DIRECTIONS FOR THIS TASK
Transcribe the entries below word for word, beginning at the line with "Auto incendiate nella" and stopping after the line with "Building Photo - 9012 Paddock Ln"; drop all pictures.

TASK MATERIAL
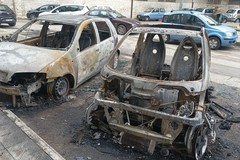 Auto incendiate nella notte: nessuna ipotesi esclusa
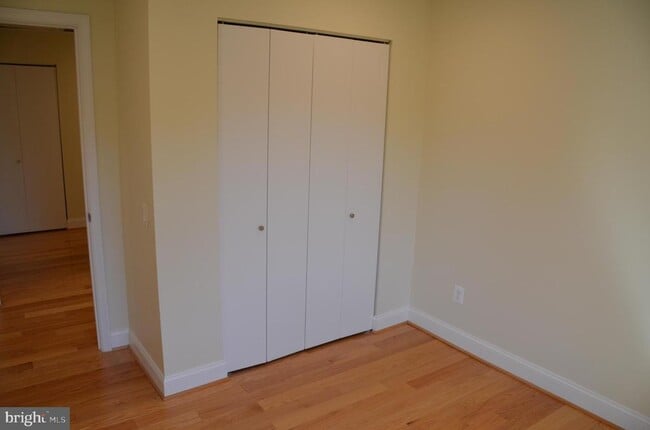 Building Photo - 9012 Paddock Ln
...
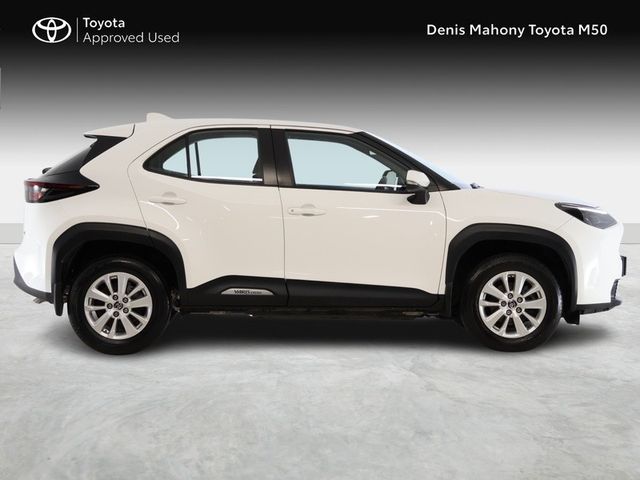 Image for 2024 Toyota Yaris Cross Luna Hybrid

THE COMPLETED TASK
 Auto incendiate nella notte: nessuna ipotesi esclusa
 Building Photo - 9012 Paddock Ln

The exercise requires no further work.